For the last year our trainer for STEPS Skills for Education and Employment program, Nicole Webster, has been teaching language, literacy and numeracy in the remote Indigenous community of Galiwinku.

Located on Elcho Island just off the coast of the Northern Territory, Galiwinku is home to the Yolngu people. With clear, blue ocean beyond the coastline and dense bushland, the island community has about 2000 residents.

Nicole’s role in Galiwinku can change from one day to the next: from 4-wheel-driving in the bush to traditional basket weaving, from teaching cooking to soap making.

Basket weaving and organic soap making are two projects that the community has come on board with. Providing contextualised training, these projects promote learning skills such as planning, working within a team and problem solving.

Nicole said the women’s weaving group has been quite successful.

“I have a group of women that do some traditional weaving. We weave baskets and wall hangings and go into the bush and collect all the roots and plants that are needed.”

Nicole said it can take time to engage students and gain trust but one of the best parts of her job is when people build new skills.

Nicole said another great aspect of her job is the connections she has made.

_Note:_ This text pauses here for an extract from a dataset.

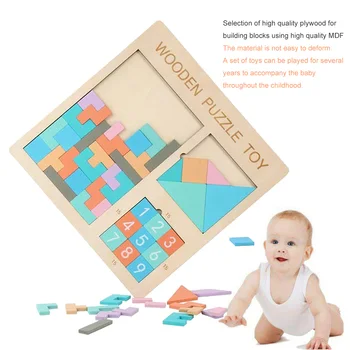 

Tangram Wooden Puzzle Learning Educational Toys for Children Kids Preschool Baby Toys Games Intelligence Toy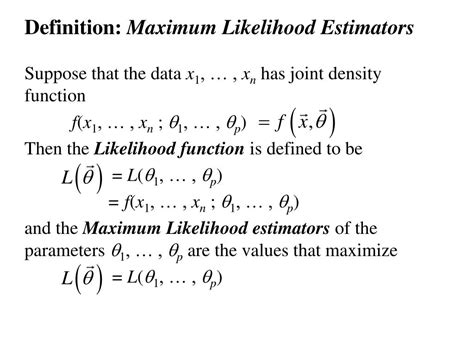 Ppt Maximum Likelihood Estimation Powerpoint Presentation Free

“It takes a long time and so I feel like the best part of my job is the genuine relationships that I form.”

Nicole said as a consequence of these relationships she gains insight into culture but this is something else that takes time.

“Culture doesn’t just get given out and shown, you have to be around it and learn it slowly, and that’s something I treasure.”

When Nicole was first settling into life in Galiwinku she faced her own set of challenges.

“You have to have patience up here. I’m okay now but when I first started I think it was probably the most challenging aspect of my job because life has a different rhythm, and if you don’t learn to match that rhythm then you won’t get much done.”

“There are about two thousand people that live here, so you have to make sure you are abiding by cultural rules all the time.”

For those who are thinking about working with STEPS in Galiwinku, Nicole suggests that you consider the reality of living and working in remote communities as often people romanticise the job.

She said there are social problems in Galiwinku.

“I think, invariably, if you live here that is going to be a part of your reality. You’ve got to have patience and be prepared to work hard as well.”

Besides the frequent crocodile sightings, Nicole enjoys the quiet life, most of her down-time is spent walking on the beach, cooking for friends and reading.

“You don’t get the entertainment of the city, you have got to learn to entertain yourself and be happy in your own space.”

Nicole said the environment can be challenging.

“Sometimes it can be very physically demanding, you have to be quite independent and quite strong,” she said.

Despite the challenges, Nicole said she loves the wildlife and nature in Galiwinku.

“It’s beautiful living out here, geographically it’s stunningly beautiful. Every day I drive to work and drive past a really beautiful view of the ocean.”